Understanding Cyclic Redundancy Code algorithm for beginners

Asked 3/6, 2020 at 8:13 Answered 15/6, 2020 at 21:9

at section 5.5 of the PNG Specification, it discusses this concept in the PNG file format called "CRC" or "Cyclic Redundancy Code". I've never heard of it before, so I'm trying to understand it.

The CRC polynomial employed is

x³² + x²⁶ + x²³ + x²² + x¹⁶ + x¹² + x¹¹ + x¹⁰ + x⁸ + x⁷ + x⁵ + x⁴ + x² + x + 1

In PNG, the 32-bit CRC is initialized to all 1's, and then the data from each byte is processed from the least significant bit (1) to the most significant bit (128). After all the data bytes are processed, the CRC is inverted (its ones complement is taken). This value is transmitted (stored in the datastream) MSB first. For the purpose of separating into bytes and ordering, the least significant bit of the 32-bit CRC is defined to be the coefficient of the x31 term.

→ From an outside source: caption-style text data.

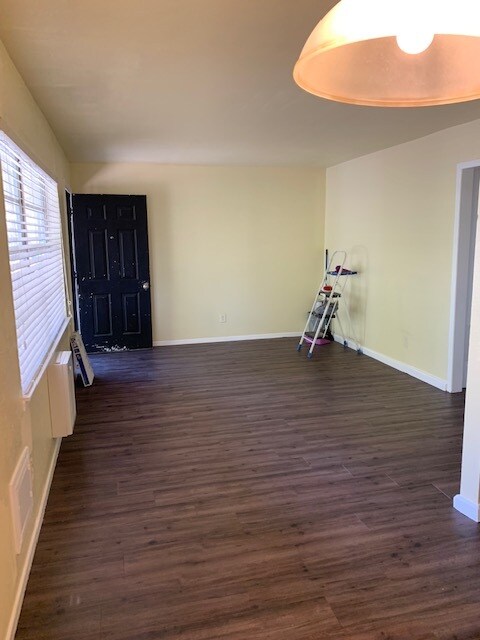 Sala de estar desde el comedor - 3502 Campbell St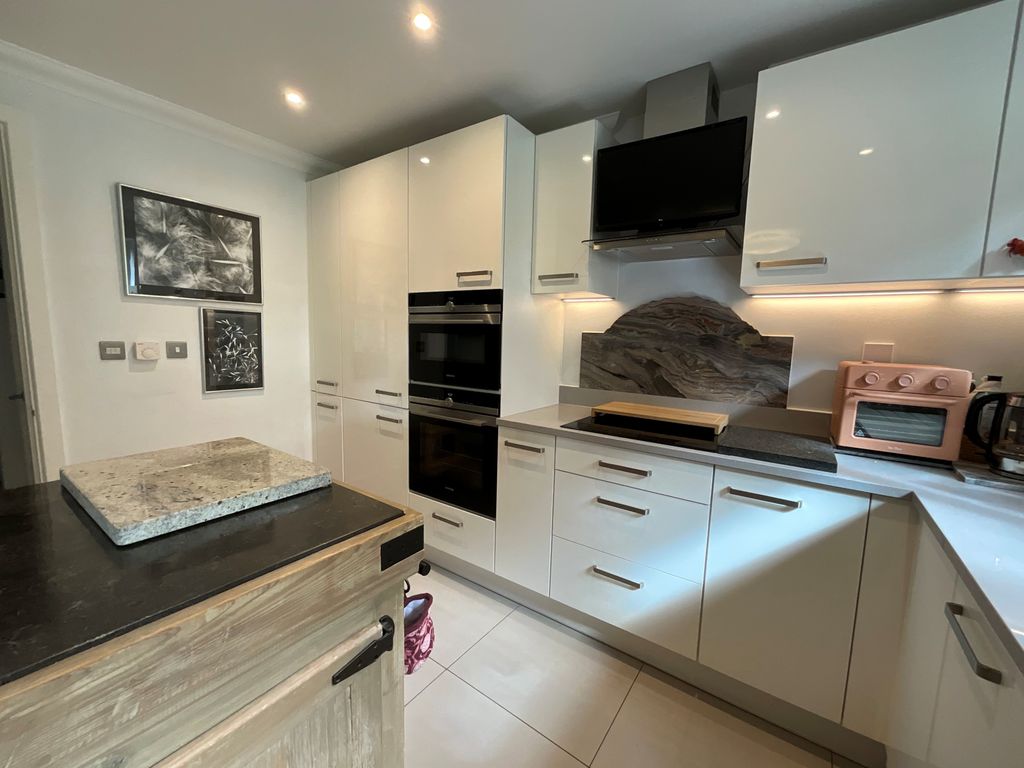 Additional image 5 of 3 bed end terrace house for saleHazel Close, Liphook GU30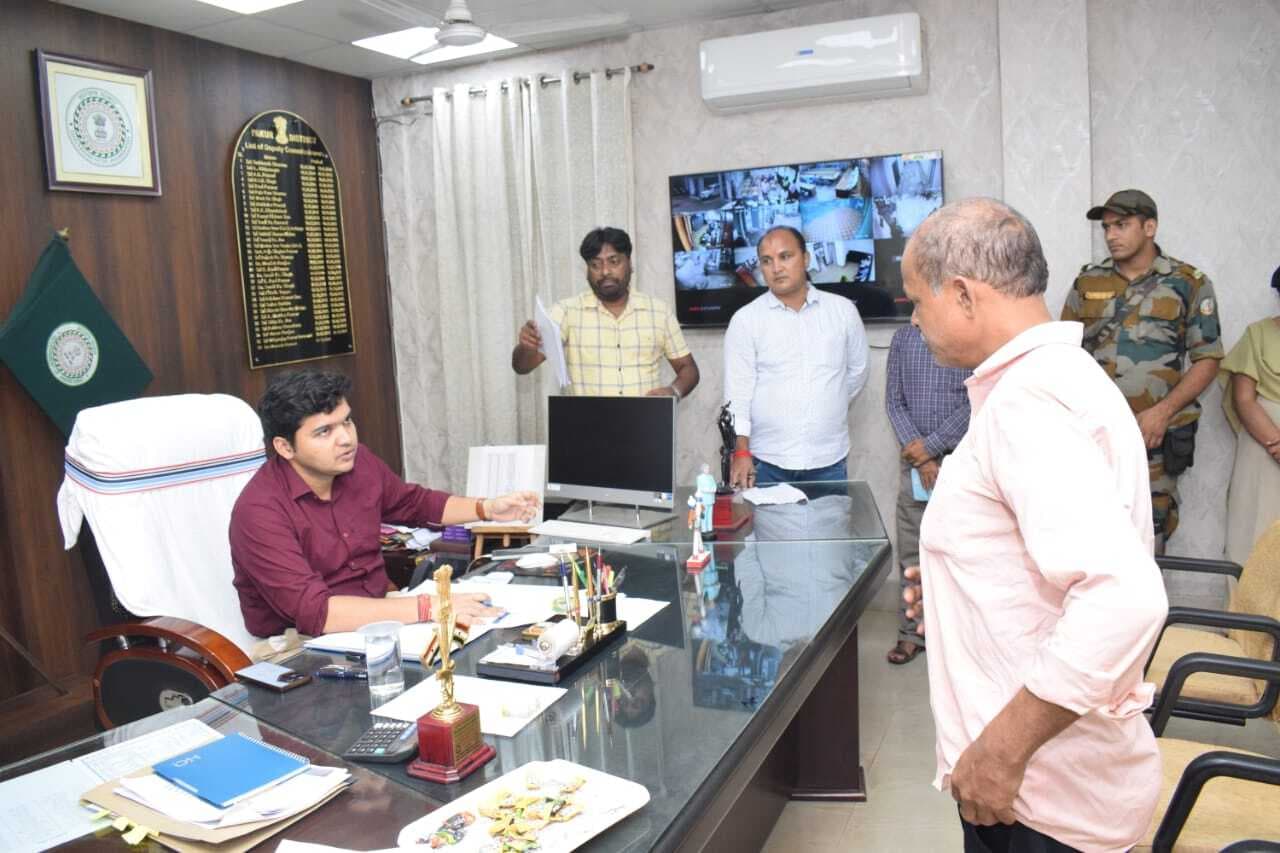 लोगों की समस्याओं के हल के लिए लगा जनता दरबार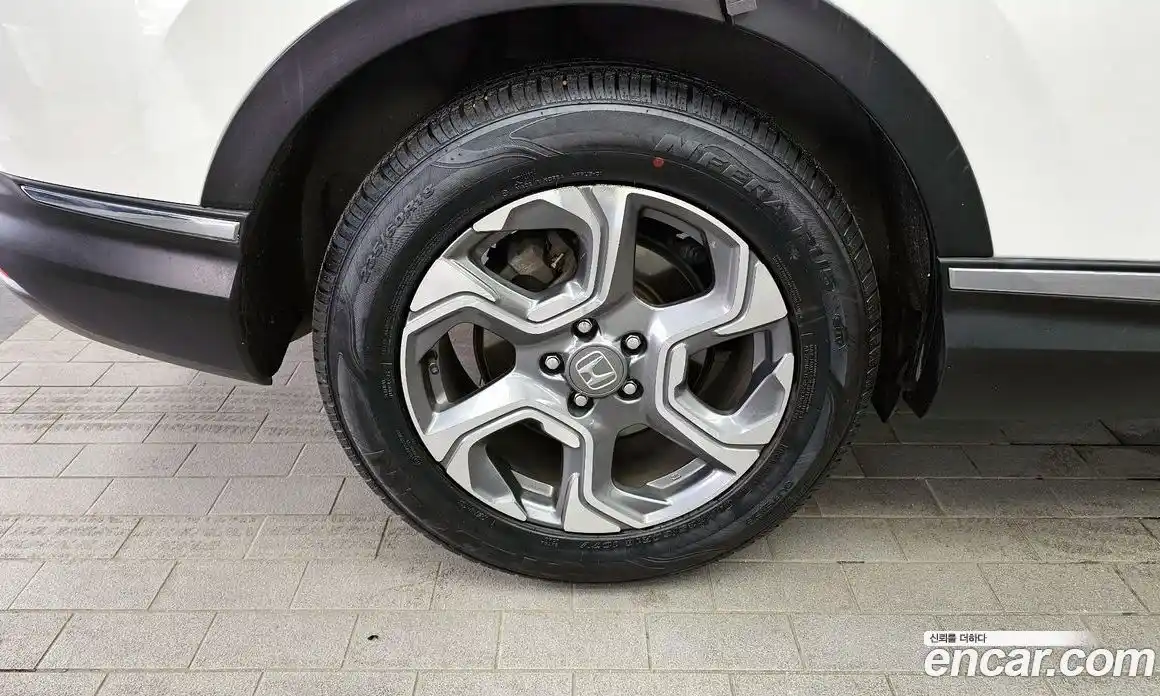 Honda CR-V 2019 1.5 автомат (гидро), фото 5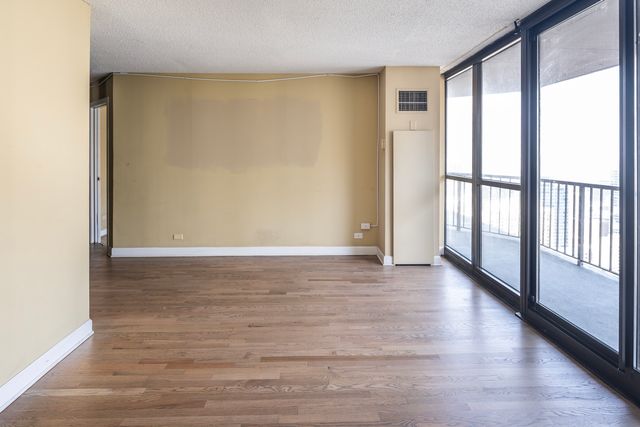 10 E Ontario Street 4007, Chicago, IL 60611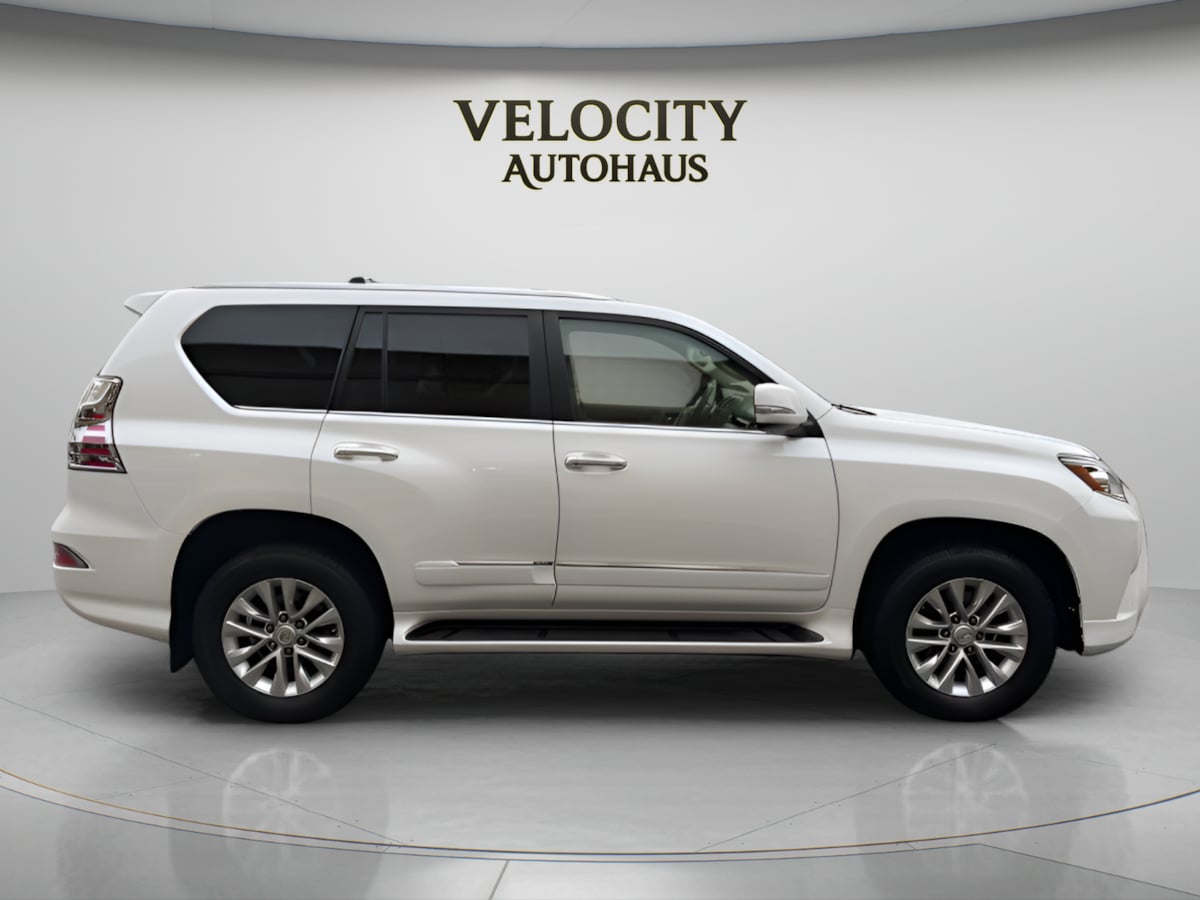 Photo 7 of this Lexus GX 460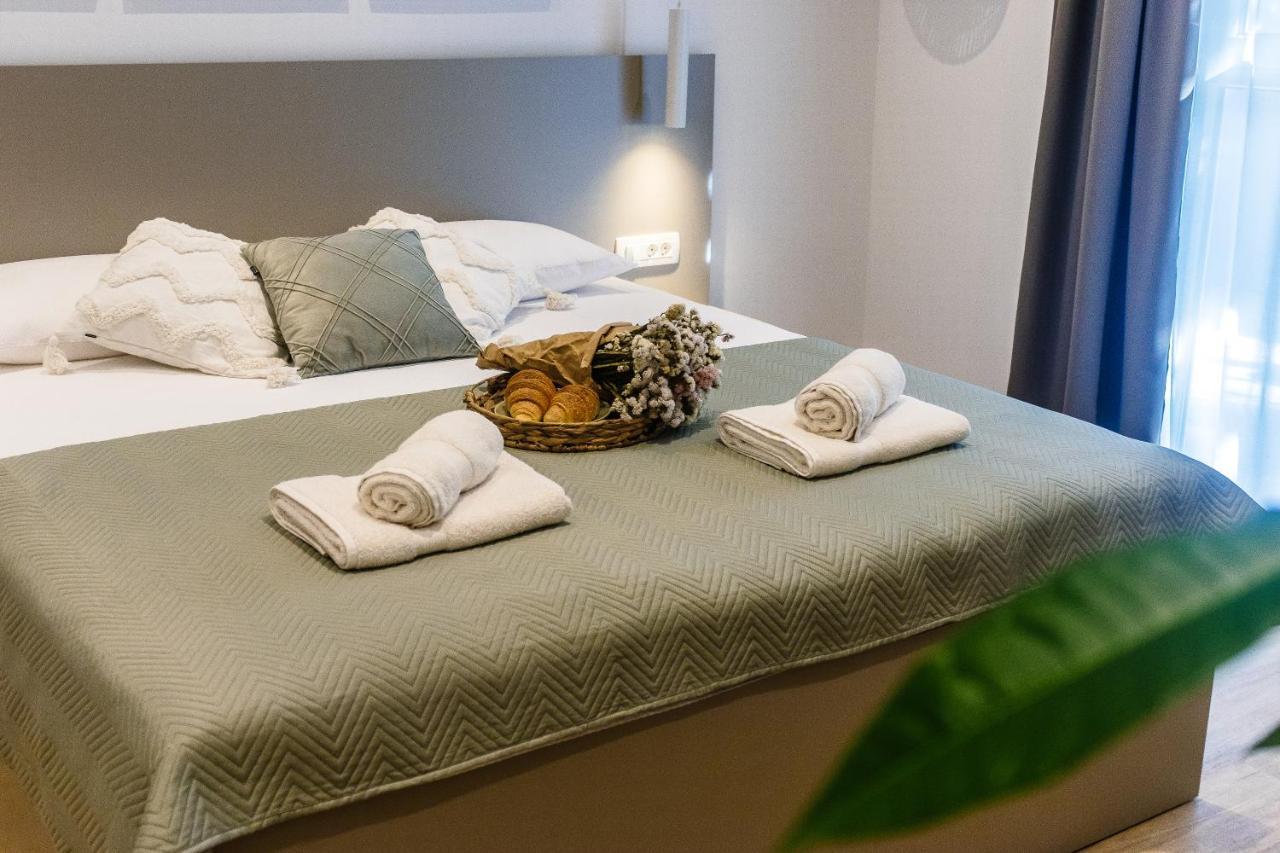 Kiwi Apartment
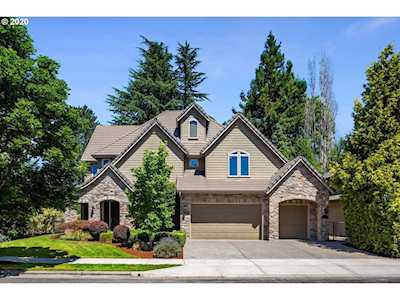 11251 SW Maypark Ct Portland, OR 97225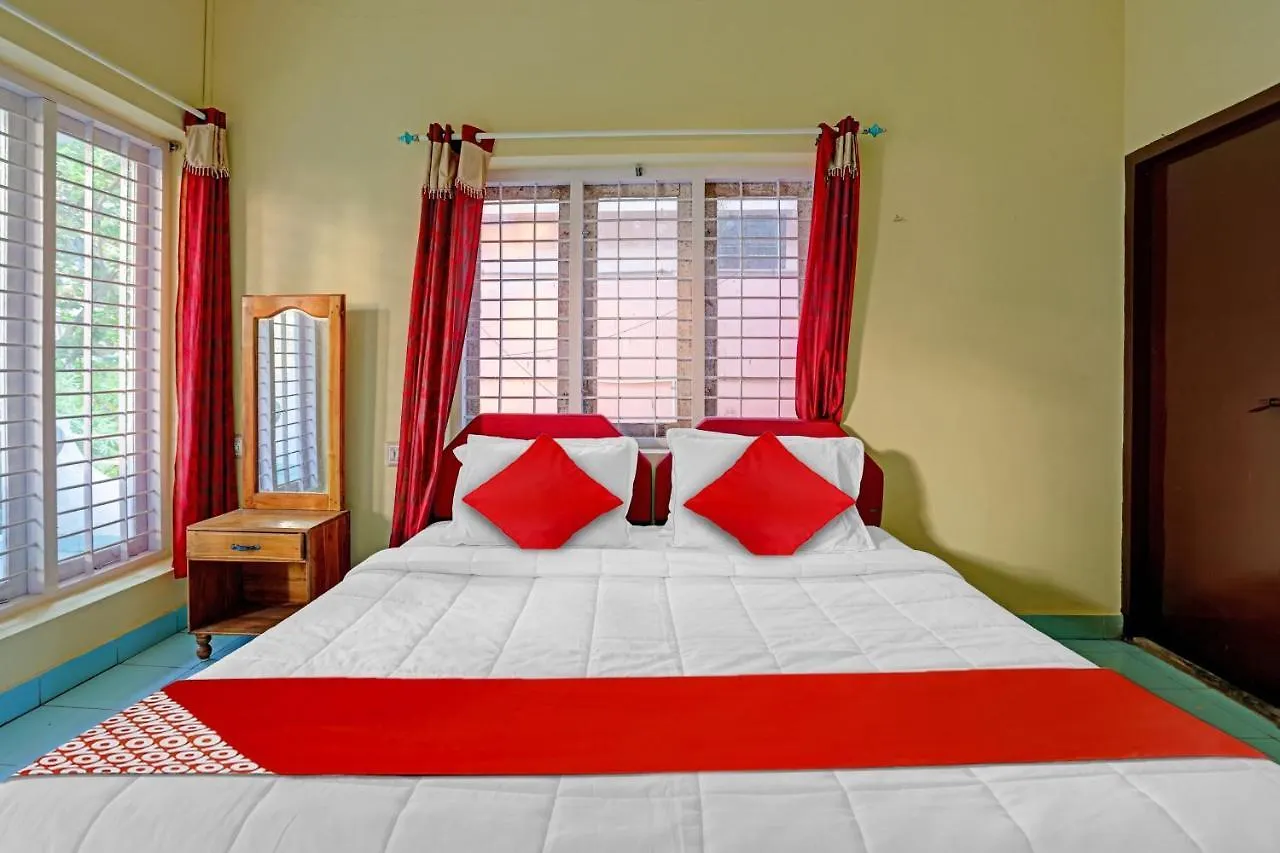 *** Hotel Oyo Flagship Sea Side Ayurvedic Beach Resort Kovalam Indie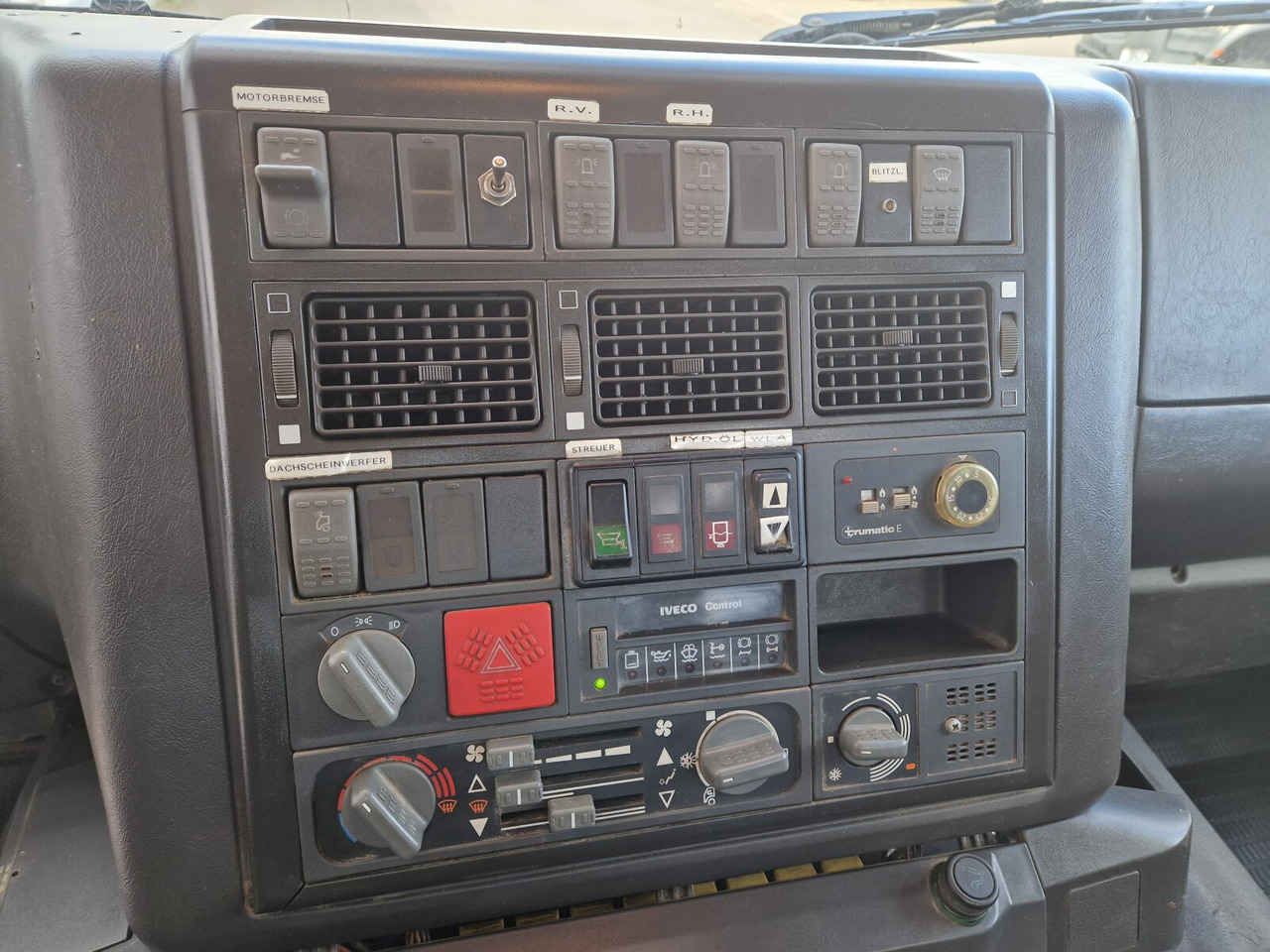 Istovarivač Trakker 190E350 4x4 Trakker 190E350 4x4, Meiller-Kipper, Winterdienstausstattung: slika 15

So let me tell you what I understand and what I don't understand about this.

I've heard of polynomials, but in this context I'm a bit confused of how they are implemented here.

In this case, what is "x" supposed to represent? The current bit in the 32-bit looP? Which brings us to the next part:

so it says to make an empty 32-bit number (or rather, all set to 1s, so 32 1s), then it says it's "processed from the least significant bit (1) to the most significant bit (128)", but the question is, the "least...most..significant bit" of what?

Of the other data in the chunk?

How does that work, if the chunk is set in bytes, and this is only 32 bits? What if there are more than 32 bits in the chunk data (which there definitely are?)

Does it mean "least..most..significant bit" of the "polynomial"?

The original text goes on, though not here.